Following these steps, I said that $\sqrt[3]{3} = a+b\sqrt{3}$ and then cubing both sides and subtracting 3, got that $(a^3+9ab^2-3)+3\sqrt{3}(a^2b+b^3)=0$ and this is eventually where I got stuck.

You can prove this using the tower law. Suppose towards a contradiction that the claim is true. Then we have the tower $$\mathbb{Q}\subset\mathbb{Q}(\sqrt[3]{3})\subset\mathbb{Q}(\sqrt[4]{3}).$$ Note $\sqrt[3]{3}$ has degree $3$ over $\mathbb{Q}$ while $\sqrt[4]{3}$ has degree $4$ or $2$ over $\mathbb{Q}$ (doesn't matter which).
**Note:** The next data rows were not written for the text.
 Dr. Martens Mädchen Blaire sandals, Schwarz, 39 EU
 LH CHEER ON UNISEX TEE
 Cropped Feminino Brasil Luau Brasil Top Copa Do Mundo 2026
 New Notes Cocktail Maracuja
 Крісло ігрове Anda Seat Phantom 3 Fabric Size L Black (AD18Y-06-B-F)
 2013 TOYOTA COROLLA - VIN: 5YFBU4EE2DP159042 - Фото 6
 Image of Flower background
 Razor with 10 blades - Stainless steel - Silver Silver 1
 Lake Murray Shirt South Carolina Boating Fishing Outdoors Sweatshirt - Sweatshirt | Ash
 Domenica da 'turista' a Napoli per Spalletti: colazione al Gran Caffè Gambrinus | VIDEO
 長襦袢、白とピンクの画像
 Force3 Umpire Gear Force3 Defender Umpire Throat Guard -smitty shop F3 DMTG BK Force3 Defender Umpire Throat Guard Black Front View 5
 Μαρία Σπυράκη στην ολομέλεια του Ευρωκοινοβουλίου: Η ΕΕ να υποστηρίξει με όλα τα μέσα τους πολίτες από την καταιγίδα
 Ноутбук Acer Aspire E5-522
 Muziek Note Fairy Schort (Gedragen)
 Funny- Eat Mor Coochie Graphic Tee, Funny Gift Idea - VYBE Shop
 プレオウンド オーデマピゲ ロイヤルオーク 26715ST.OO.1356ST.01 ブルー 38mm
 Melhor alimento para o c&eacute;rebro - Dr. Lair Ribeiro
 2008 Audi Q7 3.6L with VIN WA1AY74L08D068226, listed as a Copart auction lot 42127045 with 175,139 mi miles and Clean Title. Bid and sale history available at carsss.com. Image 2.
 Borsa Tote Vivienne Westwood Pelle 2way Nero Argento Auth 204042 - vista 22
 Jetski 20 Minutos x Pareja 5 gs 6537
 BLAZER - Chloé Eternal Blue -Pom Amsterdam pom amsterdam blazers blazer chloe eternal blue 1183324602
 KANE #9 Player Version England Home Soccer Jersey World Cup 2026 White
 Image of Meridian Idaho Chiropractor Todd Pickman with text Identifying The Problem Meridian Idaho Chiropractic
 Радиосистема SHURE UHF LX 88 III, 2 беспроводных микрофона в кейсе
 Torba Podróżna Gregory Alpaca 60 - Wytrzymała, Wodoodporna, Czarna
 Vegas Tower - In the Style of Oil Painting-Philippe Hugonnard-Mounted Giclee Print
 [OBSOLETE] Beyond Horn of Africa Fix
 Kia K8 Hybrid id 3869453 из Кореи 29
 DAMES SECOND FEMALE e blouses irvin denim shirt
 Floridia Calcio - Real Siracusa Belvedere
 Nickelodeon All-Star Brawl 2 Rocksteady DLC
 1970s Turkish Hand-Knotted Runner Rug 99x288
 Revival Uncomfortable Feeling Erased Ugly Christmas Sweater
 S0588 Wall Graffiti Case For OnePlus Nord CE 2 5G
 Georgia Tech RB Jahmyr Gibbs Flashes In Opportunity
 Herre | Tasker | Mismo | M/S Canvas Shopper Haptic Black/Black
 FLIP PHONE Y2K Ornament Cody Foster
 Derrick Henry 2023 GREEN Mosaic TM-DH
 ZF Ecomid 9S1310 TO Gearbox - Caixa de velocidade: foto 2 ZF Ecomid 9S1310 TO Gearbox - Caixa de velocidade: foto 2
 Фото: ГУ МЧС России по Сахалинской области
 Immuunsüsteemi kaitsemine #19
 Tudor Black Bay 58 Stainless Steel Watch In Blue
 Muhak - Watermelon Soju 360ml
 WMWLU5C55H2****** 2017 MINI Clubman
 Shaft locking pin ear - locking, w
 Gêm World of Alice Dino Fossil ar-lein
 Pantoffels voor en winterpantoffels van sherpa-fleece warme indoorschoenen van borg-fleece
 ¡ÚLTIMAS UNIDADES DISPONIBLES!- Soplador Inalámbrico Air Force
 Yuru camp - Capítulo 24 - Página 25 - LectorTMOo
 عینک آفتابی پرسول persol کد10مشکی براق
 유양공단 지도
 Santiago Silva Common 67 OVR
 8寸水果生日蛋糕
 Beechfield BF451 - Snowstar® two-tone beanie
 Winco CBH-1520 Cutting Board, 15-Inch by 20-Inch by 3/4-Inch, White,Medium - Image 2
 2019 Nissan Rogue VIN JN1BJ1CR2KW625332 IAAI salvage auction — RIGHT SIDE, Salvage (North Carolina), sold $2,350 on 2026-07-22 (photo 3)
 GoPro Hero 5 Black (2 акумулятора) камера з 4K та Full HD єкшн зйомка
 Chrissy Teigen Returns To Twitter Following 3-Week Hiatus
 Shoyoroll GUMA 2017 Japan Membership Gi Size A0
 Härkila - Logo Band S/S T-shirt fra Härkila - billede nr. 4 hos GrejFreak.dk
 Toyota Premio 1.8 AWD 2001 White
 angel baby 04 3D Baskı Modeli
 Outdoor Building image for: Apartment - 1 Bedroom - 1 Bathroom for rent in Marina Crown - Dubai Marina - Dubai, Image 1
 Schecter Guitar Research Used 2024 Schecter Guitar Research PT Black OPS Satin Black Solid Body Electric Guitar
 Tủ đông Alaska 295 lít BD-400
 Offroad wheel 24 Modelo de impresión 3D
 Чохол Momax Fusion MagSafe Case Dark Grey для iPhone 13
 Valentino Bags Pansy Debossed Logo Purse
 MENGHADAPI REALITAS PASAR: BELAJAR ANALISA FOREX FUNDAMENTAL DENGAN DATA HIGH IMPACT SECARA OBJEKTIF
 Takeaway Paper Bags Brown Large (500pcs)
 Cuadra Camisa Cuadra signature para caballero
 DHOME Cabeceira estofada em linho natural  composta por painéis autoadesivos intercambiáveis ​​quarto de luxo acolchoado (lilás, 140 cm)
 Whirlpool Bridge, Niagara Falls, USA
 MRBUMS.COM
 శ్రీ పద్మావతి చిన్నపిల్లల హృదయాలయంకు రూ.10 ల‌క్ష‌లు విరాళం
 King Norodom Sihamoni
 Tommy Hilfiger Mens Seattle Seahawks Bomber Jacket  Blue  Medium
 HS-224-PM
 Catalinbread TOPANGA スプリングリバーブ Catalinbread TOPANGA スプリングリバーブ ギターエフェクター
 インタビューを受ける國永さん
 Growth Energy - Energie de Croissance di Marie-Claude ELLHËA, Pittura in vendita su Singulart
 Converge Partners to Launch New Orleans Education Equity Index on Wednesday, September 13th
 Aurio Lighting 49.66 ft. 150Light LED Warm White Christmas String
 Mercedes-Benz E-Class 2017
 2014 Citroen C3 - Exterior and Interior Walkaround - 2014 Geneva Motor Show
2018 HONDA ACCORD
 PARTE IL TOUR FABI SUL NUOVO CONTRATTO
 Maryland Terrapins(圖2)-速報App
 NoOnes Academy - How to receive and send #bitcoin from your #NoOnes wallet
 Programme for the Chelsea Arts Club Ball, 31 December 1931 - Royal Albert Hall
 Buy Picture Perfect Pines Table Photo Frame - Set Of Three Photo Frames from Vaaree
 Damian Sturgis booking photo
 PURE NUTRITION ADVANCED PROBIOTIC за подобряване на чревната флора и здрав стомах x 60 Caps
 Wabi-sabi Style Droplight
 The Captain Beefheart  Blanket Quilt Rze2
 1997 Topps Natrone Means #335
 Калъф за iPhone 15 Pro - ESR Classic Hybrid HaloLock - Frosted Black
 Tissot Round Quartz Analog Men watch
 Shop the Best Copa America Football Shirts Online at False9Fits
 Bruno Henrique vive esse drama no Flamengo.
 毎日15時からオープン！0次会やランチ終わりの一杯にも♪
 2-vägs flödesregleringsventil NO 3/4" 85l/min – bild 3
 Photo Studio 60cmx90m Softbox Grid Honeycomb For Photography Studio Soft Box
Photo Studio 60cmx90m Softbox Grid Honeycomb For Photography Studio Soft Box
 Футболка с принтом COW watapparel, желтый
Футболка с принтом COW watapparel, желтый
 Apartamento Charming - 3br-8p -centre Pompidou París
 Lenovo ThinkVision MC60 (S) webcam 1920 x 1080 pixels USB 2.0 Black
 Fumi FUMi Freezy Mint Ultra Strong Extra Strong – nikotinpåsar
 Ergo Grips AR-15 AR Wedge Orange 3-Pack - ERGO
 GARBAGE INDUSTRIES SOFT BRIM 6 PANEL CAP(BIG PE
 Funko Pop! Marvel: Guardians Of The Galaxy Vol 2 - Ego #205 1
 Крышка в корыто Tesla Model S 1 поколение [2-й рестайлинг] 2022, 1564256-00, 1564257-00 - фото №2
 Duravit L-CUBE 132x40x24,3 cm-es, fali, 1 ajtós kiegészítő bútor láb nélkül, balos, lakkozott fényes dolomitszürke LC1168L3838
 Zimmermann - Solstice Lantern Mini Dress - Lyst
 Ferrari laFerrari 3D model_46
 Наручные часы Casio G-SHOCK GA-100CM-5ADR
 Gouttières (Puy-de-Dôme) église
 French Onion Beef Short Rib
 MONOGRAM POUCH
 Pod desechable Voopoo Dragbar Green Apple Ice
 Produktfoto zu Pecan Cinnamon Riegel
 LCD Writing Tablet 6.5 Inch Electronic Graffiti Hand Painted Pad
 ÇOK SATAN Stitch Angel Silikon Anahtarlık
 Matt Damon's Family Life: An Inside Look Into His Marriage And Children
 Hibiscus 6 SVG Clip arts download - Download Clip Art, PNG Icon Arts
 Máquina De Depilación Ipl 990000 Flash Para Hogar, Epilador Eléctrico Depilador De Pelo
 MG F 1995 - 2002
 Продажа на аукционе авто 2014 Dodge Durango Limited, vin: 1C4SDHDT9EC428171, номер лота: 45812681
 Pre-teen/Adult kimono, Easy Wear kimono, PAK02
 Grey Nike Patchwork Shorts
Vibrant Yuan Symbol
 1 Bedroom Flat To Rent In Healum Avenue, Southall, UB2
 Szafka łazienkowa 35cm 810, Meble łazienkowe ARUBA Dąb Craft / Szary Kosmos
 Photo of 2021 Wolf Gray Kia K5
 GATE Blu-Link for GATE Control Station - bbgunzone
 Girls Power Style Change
But $3$ does not divide $4$ and does not divide $2$. Contradiction.
From $(a^3+9ab^2-3)+3\sqrt{3}(a^2b+b^3)=0$ and the fact that $a, b$ are rational, we get $a^3 + 9ab^2 = 3$ and $a^2b + b^3 = 0$. Since $b \neq 0$, we get $a^2 + b^2 = 0$ and hence $a=b=0$, a contradiction.
Since $a,b$ are rational, $0$ is rational and $\sqrt3$ is irrational, we derive from the second term of your final equation that $a^2b+b^3=0$. Factoring out $b$, this means either $b=0$ or $a^2=-b^2$, which again implies $b=0$. Carrying $b=0$ to the first term of the equation, we get $a^3-3=0$, which is unsolvable, since we want $a$ to be rational.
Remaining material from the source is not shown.